The reply must contain exactly the lines below from the one with "graph of Tradr 2X Long Ddog Daily ETF AMEM" down to the one with "SAP Japan プレスルーム", both included, and nothing more; please omit the pictures.
*** RECORDS SUPPLIED ***
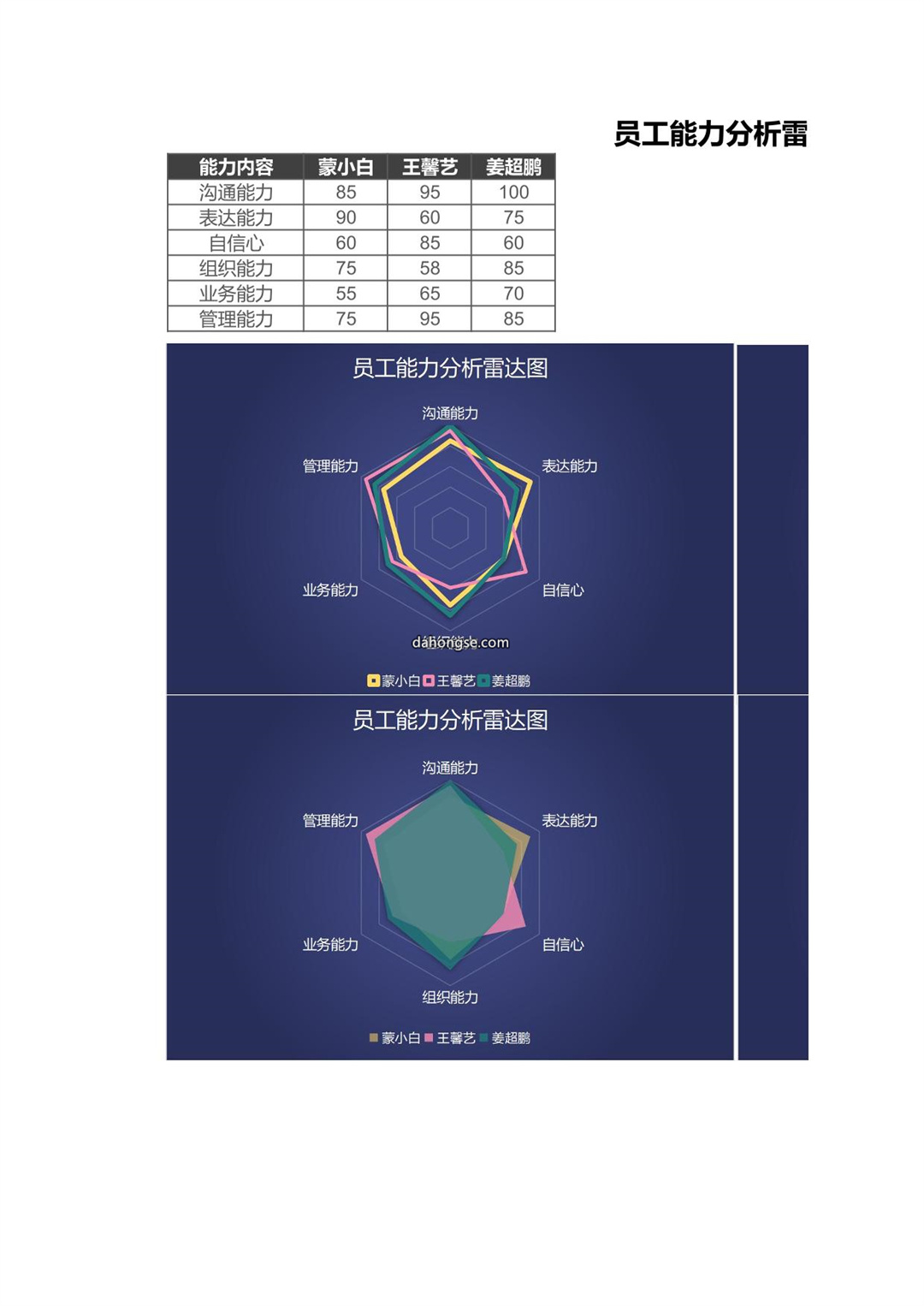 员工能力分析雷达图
***
*** RECORDS SUPPLIED ***
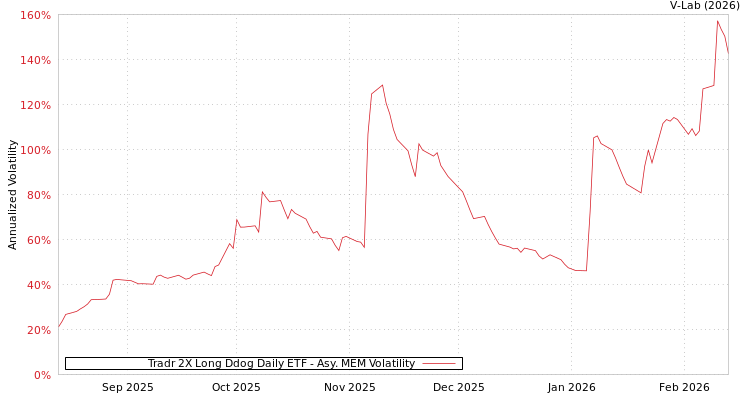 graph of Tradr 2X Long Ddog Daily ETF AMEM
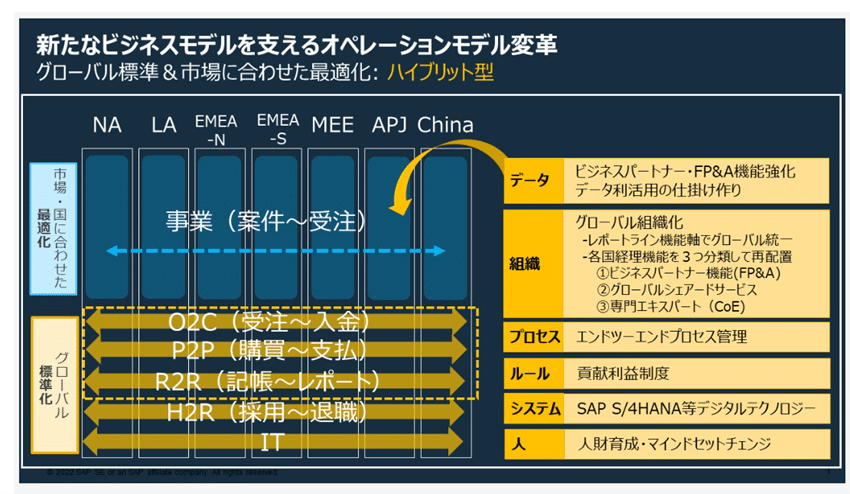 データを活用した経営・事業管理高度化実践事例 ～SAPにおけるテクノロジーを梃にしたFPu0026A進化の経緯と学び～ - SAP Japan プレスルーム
***
YOUR RESPONSE:
 graph of Tradr 2X Long Ddog Daily ETF AMEM
 データを活用した経営・事業管理高度化実践事例 ～SAPにおけるテクノロジーを梃にしたFPu0026A進化の経緯と学び～ - SAP Japan プレスルーム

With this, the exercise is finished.